A Joan Bosch eso no le parece tan grave: "Te vas porque en un un momento dado te interesa y no puedes tenerlo todo atado". Él tuvo suerte: "Volví un viernes y al lunes siguiente ya estaba trabajando en mi nuevo puesto". Pero admite que algunos de sus colegas no lo han tenido tan fácil.

La recolocación de Jorge Martínez (33 años) presentaba un problema añadido: él no había sido enviado por Nutrexpa desde España, sino que el grupo catalán ya lo fichó en China, donde estaba trabajando para la Cámara de Comercio de Madrid. "Encontré mucha comprensión cuando después de cuatro años en China dije que quería volver, pero encontrarme un puesto no era fácil", dice. De hecho, no ha vuelto a su ciudad (Madrid), sino a Barcelona. "La vuelta es dura, pero merece la pena, porque si vives mucho tiempo fuera pierdes la perspectiva y corres el riesgo de no reciclarte".

Varios elementos hacen que, al regresar, el profesional se sienta inadaptado. Para Joan Bosch, el más importante "es volverse a encontrar con una organización pesada". "Cuando estás en una filial en el extranjero - dice- te enfrentas a problemas de más envergadura, tienes más capacidad para tomar decisiones y la organización es mucho más ágil". Eso sin contar la transformación que haya podido sufrir la propia empresa. Por ejemplo, ¿qué Gas Natural se encontrarán los colegas de Bosch a los que les ha pillado fuera la opa sobre Endesa?

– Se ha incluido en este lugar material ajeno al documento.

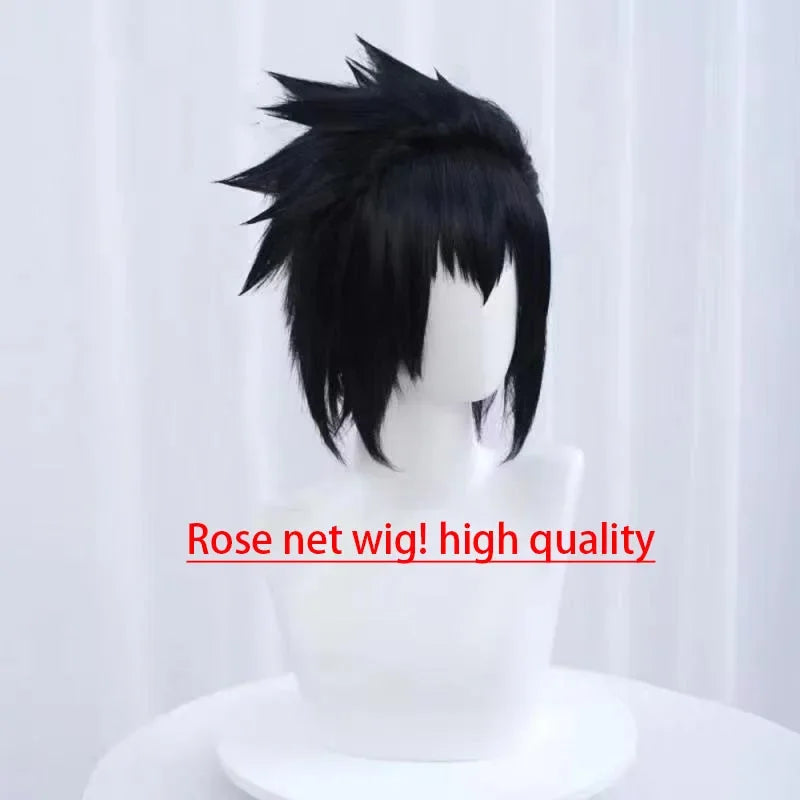 Uchiha Sasuke Cosplay Costume Set - Anime Hokage Shippuden Third Generation Gray Top Suit Wig for Halloween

Otro problema, señala el estudio del IESE, es que "muchos profesionales que regresan a su país de origen no comprenden cómo no se les recompensa o no se aprovechan los conocimientos que han adquirido como expatriados; les da la impresión de que no no saben qué hacer con ellos".

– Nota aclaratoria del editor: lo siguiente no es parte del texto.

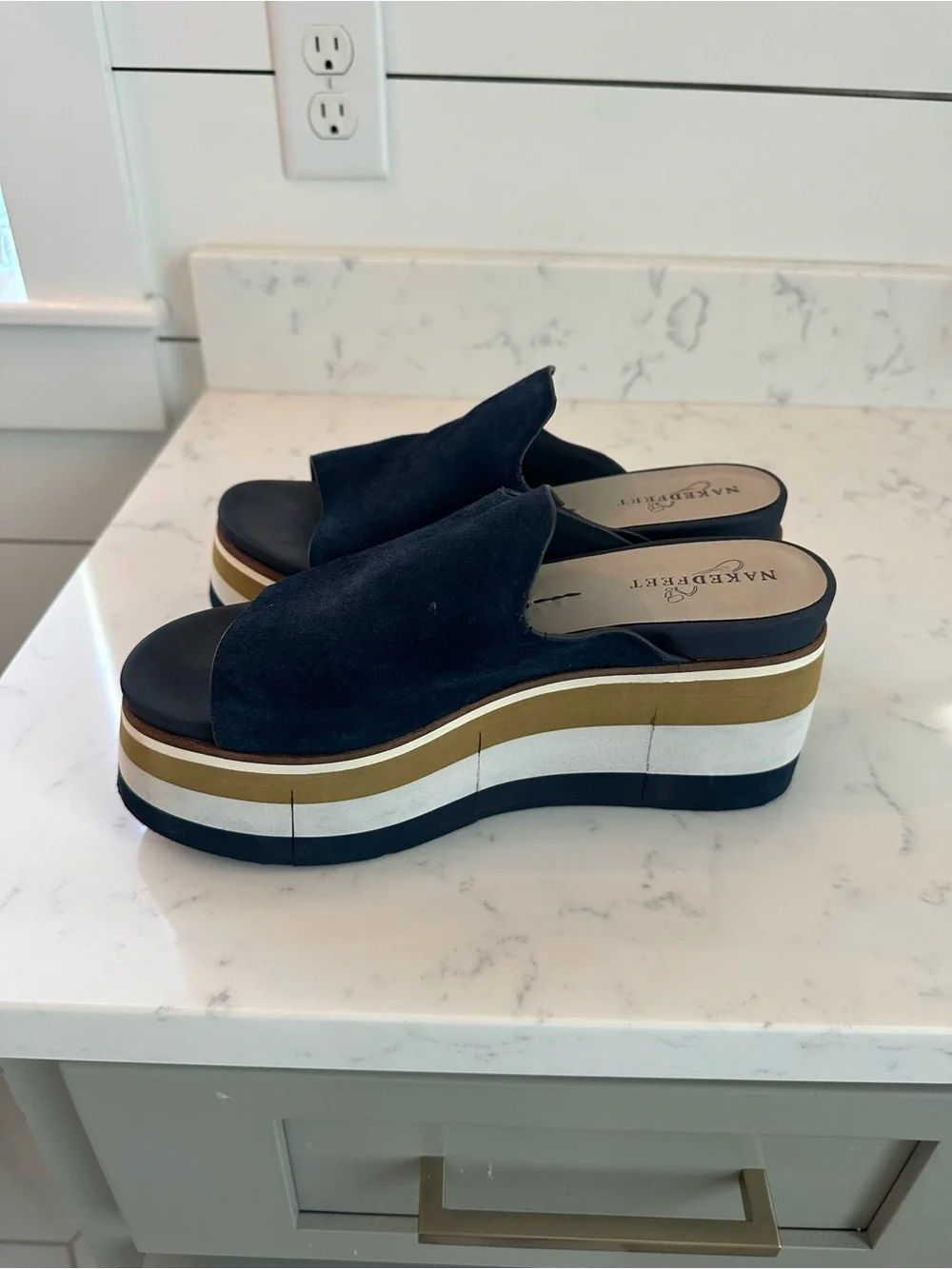 Naked Feet Navy Suede Striped Platform Mule - excellent condition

La inadaptación se agrava por la pérdida de status social que implica la vuelta a casa, porque la marcha al extranjero lleva pareja una suculenta prima salarial. "Depende del riesgo país, porque no es lo mismo vivir en Colombia que en Argentina", dice Joan Bosch. "Expatriar directivos es muy caro, y de media, hay que pagar casi un 80% más que en el puesto de origen", explica Joan Cohí, director general corporativo de Chupa Chups, quien reconoce que "con esta oleada de fusiones y de cambios muchos profesionales se encuentran con que su puesto ya no existe cuando vuelven". Según Cohí, la política de Chupa Chups es "garantizar un puesto de nivel similar al anterior o bien ayudar al profesional a buscar otro empleo en el mercado". En Indo, se ha optado por revisar la estrategia, que en el pasado se iba improvisando en función de las necesidades. "Ahora se han estandarizado las condiciones, con salarios pactados tanto de ida como de regreso", explica M. ª Carmen Martí, responsable de desarrollo en el departamento de recursos humanos.

Si la expatriación se hace en algún país en vías de desarollo hay otras ventajas, como una vivienda lujosa o un prestigio social que se pierde al regresar. "La pérdida de esa posición social es un problema para algunos", reconoce Joan Bosch, quien asegura que ése no fue su caso, porque nunca perdió "el mundo de vista". Él volvió cuando pensó que eso era lo más conveniente para sus hijas. "Tenían ya diez y once años. Y pensé: o nos quedamos sine die o volvemos, porque necesitan asentarse".